> _AIM OF THE TASK_
From the data below, copy exactly the lines that lie between the one holding "Fixie pyörä BLB La Piovra ATK - Image 2" and the one holding "Cozy café - 무료 다운로드 가능한 Indoor", including both, and nothing more.

> _WORKING DATA_
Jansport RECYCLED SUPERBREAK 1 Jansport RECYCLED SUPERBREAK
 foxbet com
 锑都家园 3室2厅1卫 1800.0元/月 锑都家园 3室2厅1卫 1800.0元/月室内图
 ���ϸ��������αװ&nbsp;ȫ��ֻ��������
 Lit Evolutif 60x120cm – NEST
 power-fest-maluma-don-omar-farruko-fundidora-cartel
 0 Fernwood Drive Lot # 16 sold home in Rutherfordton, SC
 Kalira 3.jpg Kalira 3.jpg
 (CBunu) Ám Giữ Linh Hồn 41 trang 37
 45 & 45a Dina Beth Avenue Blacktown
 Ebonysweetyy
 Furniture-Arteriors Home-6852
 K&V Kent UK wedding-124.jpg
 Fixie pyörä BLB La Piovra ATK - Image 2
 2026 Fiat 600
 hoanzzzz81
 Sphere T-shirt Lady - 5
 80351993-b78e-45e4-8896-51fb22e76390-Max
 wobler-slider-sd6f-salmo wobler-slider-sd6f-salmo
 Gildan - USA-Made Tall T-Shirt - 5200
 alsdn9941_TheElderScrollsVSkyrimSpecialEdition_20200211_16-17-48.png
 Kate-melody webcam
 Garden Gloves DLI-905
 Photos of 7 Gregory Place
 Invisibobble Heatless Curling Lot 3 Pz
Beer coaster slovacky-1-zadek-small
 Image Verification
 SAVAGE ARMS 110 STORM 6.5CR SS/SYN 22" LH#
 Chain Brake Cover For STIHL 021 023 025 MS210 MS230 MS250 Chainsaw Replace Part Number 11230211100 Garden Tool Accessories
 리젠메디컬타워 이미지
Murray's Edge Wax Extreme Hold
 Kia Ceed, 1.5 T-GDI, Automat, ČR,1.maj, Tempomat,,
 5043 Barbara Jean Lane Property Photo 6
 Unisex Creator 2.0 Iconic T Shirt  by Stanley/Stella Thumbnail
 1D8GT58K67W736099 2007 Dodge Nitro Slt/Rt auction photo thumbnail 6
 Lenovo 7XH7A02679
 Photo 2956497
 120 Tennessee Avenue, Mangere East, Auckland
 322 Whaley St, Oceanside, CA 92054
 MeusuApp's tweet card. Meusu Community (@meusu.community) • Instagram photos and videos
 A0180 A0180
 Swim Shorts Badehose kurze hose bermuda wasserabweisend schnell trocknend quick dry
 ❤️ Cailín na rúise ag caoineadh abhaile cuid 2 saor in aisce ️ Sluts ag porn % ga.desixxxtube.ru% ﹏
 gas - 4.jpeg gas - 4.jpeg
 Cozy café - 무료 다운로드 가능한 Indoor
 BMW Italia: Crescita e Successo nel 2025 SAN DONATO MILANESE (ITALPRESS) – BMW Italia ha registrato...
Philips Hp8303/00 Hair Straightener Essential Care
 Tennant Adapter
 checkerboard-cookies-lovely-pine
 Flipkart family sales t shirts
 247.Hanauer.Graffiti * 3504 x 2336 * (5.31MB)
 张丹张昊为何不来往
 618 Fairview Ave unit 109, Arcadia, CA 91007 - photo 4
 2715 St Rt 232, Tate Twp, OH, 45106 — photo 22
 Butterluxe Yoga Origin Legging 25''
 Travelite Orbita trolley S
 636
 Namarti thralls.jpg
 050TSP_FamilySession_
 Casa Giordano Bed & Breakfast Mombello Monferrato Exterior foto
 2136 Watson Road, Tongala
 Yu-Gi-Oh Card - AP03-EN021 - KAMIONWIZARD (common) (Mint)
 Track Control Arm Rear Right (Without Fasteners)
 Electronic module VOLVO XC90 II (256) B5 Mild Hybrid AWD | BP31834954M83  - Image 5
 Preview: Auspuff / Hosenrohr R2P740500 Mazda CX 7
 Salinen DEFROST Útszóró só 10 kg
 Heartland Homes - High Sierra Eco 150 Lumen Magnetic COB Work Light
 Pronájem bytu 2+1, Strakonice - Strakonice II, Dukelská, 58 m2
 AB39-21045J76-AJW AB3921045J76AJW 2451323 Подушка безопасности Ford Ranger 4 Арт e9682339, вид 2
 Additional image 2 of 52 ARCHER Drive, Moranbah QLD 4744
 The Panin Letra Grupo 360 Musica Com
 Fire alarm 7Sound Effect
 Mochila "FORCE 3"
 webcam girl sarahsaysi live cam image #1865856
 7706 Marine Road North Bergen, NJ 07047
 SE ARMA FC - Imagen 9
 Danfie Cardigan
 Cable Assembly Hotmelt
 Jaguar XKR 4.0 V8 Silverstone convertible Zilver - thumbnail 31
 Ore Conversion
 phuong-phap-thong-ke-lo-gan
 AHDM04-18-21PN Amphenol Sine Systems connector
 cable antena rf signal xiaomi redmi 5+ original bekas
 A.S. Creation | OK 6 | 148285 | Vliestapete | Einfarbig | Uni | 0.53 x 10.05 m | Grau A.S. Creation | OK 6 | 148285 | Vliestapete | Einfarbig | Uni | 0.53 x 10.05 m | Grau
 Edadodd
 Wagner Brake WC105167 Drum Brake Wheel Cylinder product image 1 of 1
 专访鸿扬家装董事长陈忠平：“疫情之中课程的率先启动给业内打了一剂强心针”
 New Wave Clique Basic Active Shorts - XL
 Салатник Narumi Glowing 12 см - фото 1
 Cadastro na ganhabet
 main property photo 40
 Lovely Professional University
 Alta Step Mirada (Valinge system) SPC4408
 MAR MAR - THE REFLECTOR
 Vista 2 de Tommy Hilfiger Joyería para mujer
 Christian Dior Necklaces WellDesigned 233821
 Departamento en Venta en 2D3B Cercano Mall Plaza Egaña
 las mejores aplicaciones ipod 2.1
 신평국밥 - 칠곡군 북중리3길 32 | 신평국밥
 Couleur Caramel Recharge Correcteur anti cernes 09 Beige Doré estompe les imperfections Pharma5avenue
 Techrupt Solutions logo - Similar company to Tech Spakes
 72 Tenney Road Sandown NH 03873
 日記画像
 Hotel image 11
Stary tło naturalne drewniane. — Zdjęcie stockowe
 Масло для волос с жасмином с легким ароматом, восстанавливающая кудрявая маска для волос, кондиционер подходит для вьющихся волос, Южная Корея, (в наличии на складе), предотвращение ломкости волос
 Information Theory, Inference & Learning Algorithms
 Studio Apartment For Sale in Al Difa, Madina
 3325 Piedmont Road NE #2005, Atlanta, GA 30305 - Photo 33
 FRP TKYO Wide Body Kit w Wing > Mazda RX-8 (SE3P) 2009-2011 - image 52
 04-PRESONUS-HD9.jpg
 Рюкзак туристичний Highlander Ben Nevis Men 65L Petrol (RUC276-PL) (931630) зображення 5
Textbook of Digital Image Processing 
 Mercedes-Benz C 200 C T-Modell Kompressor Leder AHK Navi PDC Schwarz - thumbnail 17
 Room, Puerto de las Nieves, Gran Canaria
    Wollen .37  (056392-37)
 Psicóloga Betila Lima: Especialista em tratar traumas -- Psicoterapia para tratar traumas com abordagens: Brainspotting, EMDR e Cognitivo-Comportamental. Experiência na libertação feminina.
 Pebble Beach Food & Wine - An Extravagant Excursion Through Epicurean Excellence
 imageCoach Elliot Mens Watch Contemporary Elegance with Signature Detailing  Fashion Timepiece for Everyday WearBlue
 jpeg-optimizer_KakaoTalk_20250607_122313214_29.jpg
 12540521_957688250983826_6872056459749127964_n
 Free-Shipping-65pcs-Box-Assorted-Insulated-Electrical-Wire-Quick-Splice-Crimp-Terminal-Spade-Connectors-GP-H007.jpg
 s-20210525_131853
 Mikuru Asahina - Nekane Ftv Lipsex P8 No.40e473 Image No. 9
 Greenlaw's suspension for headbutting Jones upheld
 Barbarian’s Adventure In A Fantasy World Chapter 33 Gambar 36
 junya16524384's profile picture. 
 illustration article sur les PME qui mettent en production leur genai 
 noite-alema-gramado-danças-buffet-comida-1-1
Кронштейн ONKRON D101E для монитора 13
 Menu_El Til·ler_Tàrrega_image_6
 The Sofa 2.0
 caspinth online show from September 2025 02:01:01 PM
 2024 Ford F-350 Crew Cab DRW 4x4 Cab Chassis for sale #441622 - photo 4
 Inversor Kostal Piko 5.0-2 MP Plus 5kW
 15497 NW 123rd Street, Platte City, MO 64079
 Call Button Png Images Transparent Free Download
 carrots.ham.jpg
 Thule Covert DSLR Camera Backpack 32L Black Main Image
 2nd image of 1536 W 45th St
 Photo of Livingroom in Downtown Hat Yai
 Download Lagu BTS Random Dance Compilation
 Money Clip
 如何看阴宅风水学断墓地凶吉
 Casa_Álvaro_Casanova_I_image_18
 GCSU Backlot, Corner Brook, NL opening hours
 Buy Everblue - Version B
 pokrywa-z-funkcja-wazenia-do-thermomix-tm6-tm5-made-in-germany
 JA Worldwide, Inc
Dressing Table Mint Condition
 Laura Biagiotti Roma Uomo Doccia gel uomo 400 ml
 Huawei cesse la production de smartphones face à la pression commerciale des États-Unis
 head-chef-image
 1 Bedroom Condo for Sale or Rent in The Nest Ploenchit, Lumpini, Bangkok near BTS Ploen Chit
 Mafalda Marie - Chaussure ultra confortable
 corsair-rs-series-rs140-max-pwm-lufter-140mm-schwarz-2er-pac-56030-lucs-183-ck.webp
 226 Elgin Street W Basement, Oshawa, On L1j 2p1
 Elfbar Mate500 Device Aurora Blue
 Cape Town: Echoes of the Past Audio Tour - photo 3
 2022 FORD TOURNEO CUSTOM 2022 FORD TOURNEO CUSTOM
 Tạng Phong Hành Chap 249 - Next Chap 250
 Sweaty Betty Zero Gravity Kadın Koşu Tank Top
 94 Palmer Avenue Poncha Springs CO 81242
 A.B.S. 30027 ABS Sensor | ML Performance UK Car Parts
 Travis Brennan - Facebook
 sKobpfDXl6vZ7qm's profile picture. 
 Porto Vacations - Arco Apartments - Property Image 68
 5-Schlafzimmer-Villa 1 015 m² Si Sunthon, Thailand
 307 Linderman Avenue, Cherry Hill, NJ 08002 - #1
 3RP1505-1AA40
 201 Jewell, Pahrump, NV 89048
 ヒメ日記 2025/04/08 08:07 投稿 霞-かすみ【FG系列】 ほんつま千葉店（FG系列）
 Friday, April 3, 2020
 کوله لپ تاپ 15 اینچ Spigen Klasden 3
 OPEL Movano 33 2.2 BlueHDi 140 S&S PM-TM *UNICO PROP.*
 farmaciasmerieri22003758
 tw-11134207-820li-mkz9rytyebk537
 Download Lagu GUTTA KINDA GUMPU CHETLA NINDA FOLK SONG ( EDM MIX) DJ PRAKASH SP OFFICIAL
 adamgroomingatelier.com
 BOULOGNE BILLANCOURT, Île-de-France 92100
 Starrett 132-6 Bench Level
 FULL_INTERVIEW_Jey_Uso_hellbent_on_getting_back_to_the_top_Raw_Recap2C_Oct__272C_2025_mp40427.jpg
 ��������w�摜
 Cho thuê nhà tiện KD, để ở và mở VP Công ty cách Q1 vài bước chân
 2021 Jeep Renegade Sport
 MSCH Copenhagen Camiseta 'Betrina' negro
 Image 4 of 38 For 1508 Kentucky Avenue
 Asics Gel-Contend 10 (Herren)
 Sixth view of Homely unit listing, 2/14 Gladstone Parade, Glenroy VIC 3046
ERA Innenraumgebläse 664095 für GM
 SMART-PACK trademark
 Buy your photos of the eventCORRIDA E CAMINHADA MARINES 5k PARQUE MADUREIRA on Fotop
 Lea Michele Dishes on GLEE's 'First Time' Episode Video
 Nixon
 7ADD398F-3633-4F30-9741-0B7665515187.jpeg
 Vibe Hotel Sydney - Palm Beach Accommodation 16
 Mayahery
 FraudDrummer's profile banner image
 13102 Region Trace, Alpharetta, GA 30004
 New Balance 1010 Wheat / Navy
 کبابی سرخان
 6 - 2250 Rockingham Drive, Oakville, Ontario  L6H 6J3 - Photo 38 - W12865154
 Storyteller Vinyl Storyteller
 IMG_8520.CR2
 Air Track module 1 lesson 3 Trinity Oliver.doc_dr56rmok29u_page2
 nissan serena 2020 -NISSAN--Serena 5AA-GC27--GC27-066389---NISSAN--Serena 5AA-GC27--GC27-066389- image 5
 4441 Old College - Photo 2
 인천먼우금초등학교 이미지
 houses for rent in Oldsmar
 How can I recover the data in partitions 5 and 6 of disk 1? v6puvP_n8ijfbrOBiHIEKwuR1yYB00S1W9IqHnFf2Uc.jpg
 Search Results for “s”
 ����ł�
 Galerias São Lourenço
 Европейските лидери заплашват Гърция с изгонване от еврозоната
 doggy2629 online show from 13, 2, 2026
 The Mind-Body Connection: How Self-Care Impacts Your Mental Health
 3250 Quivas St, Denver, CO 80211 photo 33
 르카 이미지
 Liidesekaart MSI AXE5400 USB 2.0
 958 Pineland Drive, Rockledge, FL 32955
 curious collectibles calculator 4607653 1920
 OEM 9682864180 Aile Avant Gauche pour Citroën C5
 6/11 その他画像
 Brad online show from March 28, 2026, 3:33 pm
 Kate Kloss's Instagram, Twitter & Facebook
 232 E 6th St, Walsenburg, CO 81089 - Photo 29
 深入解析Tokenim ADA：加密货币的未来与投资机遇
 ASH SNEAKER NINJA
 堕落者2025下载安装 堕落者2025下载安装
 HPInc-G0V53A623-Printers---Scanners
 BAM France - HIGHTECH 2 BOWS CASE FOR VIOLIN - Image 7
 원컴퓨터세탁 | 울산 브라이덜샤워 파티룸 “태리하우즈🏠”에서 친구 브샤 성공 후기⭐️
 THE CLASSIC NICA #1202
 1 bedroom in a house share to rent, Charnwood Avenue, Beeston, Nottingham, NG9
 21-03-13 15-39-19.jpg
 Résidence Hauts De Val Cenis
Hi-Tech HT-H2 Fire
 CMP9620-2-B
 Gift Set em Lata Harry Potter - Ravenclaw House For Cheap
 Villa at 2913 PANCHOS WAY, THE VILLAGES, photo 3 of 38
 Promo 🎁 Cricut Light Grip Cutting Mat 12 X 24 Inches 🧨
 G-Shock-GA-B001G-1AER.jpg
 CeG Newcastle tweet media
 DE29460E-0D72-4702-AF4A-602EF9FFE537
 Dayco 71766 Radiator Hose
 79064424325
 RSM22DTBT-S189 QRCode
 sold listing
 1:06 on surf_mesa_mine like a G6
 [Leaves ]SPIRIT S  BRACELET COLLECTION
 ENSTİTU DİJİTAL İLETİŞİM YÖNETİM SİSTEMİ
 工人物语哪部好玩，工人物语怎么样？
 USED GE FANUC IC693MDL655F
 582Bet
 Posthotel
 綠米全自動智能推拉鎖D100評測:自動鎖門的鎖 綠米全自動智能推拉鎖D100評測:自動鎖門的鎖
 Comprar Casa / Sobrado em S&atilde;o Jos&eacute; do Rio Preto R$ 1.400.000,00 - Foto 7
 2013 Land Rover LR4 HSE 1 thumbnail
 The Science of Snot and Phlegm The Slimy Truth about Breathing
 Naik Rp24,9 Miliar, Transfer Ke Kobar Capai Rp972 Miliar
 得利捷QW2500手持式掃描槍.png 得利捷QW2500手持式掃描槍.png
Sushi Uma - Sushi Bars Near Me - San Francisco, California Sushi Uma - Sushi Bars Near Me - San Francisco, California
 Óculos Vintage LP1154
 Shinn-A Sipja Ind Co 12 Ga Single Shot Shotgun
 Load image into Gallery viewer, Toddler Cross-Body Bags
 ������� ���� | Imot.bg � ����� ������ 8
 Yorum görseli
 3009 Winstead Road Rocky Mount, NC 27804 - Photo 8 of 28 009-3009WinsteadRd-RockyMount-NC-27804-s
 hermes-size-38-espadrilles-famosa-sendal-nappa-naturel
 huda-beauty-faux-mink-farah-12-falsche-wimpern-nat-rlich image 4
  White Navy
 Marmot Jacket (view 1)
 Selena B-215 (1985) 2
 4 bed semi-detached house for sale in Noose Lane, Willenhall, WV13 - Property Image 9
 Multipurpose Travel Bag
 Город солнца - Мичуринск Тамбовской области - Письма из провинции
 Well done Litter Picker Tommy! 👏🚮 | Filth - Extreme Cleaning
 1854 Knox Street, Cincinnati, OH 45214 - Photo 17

> _PROBLEM SOLUTION_
 Fixie pyörä BLB La Piovra ATK - Image 2
 2026 Fiat 600
 hoanzzzz81
 Sphere T-shirt Lady - 5
 80351993-b78e-45e4-8896-51fb22e76390-Max
 wobler-slider-sd6f-salmo wobler-slider-sd6f-salmo
 Gildan - USA-Made Tall T-Shirt - 5200
 alsdn9941_TheElderScrollsVSkyrimSpecialEdition_20200211_16-17-48.png
 Kate-melody webcam
 Garden Gloves DLI-905
 Photos of 7 Gregory Place
 Invisibobble Heatless Curling Lot 3 Pz
Beer coaster slovacky-1-zadek-small
 Image Verification
 SAVAGE ARMS 110 STORM 6.5CR SS/SYN 22" LH#
 Chain Brake Cover For STIHL 021 023 025 MS210 MS230 MS250 Chainsaw Replace Part Number 11230211100 Garden Tool Accessories
 리젠메디컬타워 이미지
Murray's Edge Wax Extreme Hold
 Kia Ceed, 1.5 T-GDI, Automat, ČR,1.maj, Tempomat,,
 5043 Barbara Jean Lane Property Photo 6
 Unisex Creator 2.0 Iconic T Shirt  by Stanley/Stella Thumbnail
 1D8GT58K67W736099 2007 Dodge Nitro Slt/Rt auction photo thumbnail 6
 Lenovo 7XH7A02679
 Photo 2956497
 120 Tennessee Avenue, Mangere East, Auckland
 322 Whaley St, Oceanside, CA 92054
 MeusuApp's tweet card. Meusu Community (@meusu.community) • Instagram photos and videos
 A0180 A0180
 Swim Shorts Badehose kurze hose bermuda wasserabweisend schnell trocknend quick dry
 ❤️ Cailín na rúise ag caoineadh abhaile cuid 2 saor in aisce ️ Sluts ag porn % ga.desixxxtube.ru% ﹏
 gas - 4.jpeg gas - 4.jpeg
 Cozy café - 무료 다운로드 가능한 Indoor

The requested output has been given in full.